Près de deux ans ont passé, mais le temps n’a pas guéri les blessures morales des 29 sinistrés, qui ont perdu une grande partie de leurs biens. Tous ont été relogés, à La Rochelle, dans l’agglomération ou ailleurs. Les liens noués après le drame se sont peu à peu distendus. Certains se sont retrouvés le 14 mai 2025 lors du procès de Rodrigue Landreau, le locataire accusé d’avoir fait sauter l’immeuble en tentant de se suicider en ouvrant le gaz. Le quinquagénaire a mis fin à ses jours cinq mois plus tard, alors qu’il avait fait appel de sa condamnation en première instance à six mois de prison avec sursis, assortis d’une obligation de soins et d’une amende de 500 euros.

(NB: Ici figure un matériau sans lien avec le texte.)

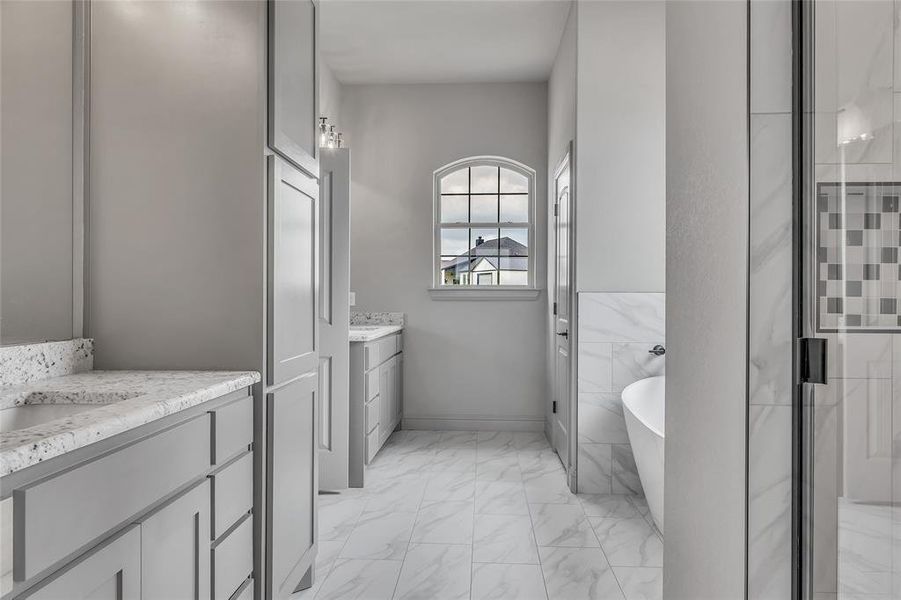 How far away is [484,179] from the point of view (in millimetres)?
Result: 5285

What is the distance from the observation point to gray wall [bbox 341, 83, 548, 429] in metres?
5.13

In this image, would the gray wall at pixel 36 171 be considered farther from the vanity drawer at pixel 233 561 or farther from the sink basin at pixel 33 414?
the vanity drawer at pixel 233 561

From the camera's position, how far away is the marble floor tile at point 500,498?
3201mm

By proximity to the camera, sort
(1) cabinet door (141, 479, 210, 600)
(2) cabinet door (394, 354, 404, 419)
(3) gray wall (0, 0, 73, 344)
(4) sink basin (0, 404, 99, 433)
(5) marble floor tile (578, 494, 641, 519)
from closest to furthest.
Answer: (1) cabinet door (141, 479, 210, 600)
(4) sink basin (0, 404, 99, 433)
(3) gray wall (0, 0, 73, 344)
(5) marble floor tile (578, 494, 641, 519)
(2) cabinet door (394, 354, 404, 419)

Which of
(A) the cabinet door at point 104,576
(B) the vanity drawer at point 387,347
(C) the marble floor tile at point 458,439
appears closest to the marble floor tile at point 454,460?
(C) the marble floor tile at point 458,439

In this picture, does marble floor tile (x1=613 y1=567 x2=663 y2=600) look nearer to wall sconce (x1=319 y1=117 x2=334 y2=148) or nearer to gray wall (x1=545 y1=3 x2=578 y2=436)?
gray wall (x1=545 y1=3 x2=578 y2=436)

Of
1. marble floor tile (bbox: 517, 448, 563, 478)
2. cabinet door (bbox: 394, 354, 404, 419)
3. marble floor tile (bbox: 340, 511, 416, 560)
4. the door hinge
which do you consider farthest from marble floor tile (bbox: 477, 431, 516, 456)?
the door hinge

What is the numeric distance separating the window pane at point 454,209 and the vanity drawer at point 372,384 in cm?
180

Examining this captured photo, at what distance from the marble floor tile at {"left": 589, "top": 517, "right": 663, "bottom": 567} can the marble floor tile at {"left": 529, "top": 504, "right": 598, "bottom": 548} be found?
6 centimetres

« On est toujours traumatisés, confie Samuel Le Drévo. Tous les anciens locataires ont encore les images en tête et ne sont pas près de les oublier. Sans compter qu’on s’est retrouvés sans rien du jour au lendemain. Personnellement, je suis suivi et je passe encore des nuits difficiles… J’ai eu la chance d’avoir à ce moment-là une maman qui a pu m’aider financièrement. »

L’attente de l’indemnisation

Comme ses anciens voisins, le Rochelais attend toujours d’être indemnisé au titre des dommages et intérêts. « Les avocats ont fait le nécessaire auprès de la Civi [Commission d’indemnisation des victimes d’infractions], ils ont rappelé aussi que le temps de la justice n’est pas le même que le nôtre… » Le chantier terminé, un autre pourra commencer, celui de la reconstruction d’autres logements. « Même si le futur bâtiment magnifique, je ne pourrai jamais revenir ici », glisse Samuel Le Drévo.